What does a neural network actually do?

 

Being one of the most commonly used algorithms in machine learning and more specifically in deep learning, neural networks present a powerful tool that proved to be very successful in treating many problems is a wide variety of domains.

From the first day that I was introduced to this powerful tool while reading an article about Artificial Intelligence in 2018, I was captivated by the idea of creating an artificial neural network that can mimic the human brain. Upon further readings, I've gotten more fascinated by the different architectures of neural networks and the results that they achieved on many complex tasks. However, one question was always at the back of my head and it took me a while to fully grasp its answer, and that is: What does a neural network actually do? 

In other terms, How does a neural network compute a certain prediction?


There are many frameworks and libraries that made machine learning accessible to a bigger community and not only researchers that code their algorithms from scratch. Nowadays many machine learning practitioners are not interested in learning the mathematical background of machine learning and they're satisfied with learning and understanding the architecture and workflow of a certain model, which is understandable if the task at hand is relatively simple and the available tools can achieve good results by simply adjusting some hyper-parameters. 

However, when trying to solve more complicated problems using machine learning then it is very recommended to have a good level of knowledge, and a deeper understanding of how the used algorithm work. Knowing how a certain optimizer work, or the difference between loss functions, or the specificity of the common activation functions for Neural Networks, can make a tangible difference on the obtained results.
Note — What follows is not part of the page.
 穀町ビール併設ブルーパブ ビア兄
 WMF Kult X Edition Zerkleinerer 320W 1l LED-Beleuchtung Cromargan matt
In this blog post, I will try to clarify the work a neural network does in order to make a prediction by simplifying the mathematics behind it, so that you can have a deeper understanding of what's happening when you train your next neural network. To do so, we will study an example of binary classification using a neural network with one hidden layer and only one unit. We will use this over-simplified neural network to predict whether a picture represent the number "9" or not.

This 1-unit neural network can be also thought of as a logistic regression algorithm since we're going to use a sigmoid function as the activation function. This choice will be clarified later on this post.

Note: The code fragments shown in this post are available on my Github.


Neural Networks

Since the early days of artificial neural networks(ANNs), the back-propagation algorithm was used to train ANNs by calculating derivatives of the loss function using the chain rule mathematical method. This algorithm is still used by the most famous machine learning frameworks such as Scikit-learn, Tensorflow and PyTorch, because of it's effectiveness, accuracy, and consistency.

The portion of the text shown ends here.